Around a third of the world’s adults are obese, and since 1980 the number of obese people in developing countries has more than tripled, from 250m to 904m, according to a report by the Overseas Development Institute (ODI). The implication of this is clear: obesity is not only a public health problem for rich countries.
Over the past thirty years, wealthier individuals in low-income countries have been eating more, leading more sedentary lifestyles, and consuming a diet richer in meat, fat and sugar than ever before. The proportion of overweight and obese people in North Africa, the Middle East and Latin America is now about the same as in Europe and North America. This places hundreds of thousands of people in these regions at heightened risk of heart disease and diabetes, many of whom will not have access to adequate medical care and advice. According to the World Health Organisation, for instance, 80 per cent of diabetes deaths occur in low to middle income countries, and by 2030 diabetes is projected to be the seventh leading cause of death worldwide.

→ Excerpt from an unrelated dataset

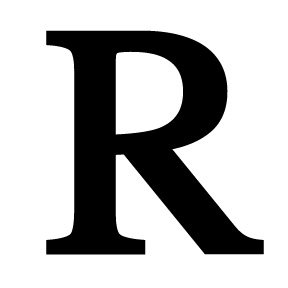 Wrought Iron Letter R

Meanwhile, the World Food Programme estimates that 784m go hungry, and the ODI reports that a third of infants worldwide are stunted due to malnutrition. Just as obesity isn't a rich world problem, nor is hunger confined to low-income countries: according to Oxfam, around half a million people in the UK are dependent on food banks. There is more than enough food being produced to feed everyone sufficiently (in 2009 the equivalent of 2830 calories per person per day, according to ODI) – the problem is how food is being distributed and consumed. Obesity and hunger are interlinked: the more meat people consume, the harder it is to feed an expanding population.
The ODI suggests the time has come for stronger policymaking to educate people on nutrition, and influence their food choices. More needs to be done too, to tackle hunger: by combating poverty and improving food supply chains. Government interference in personal choices is never popular, particularly not when it comes to our dinner plates – but it’s hard to see what else can prevent an unprecedented public health crisis.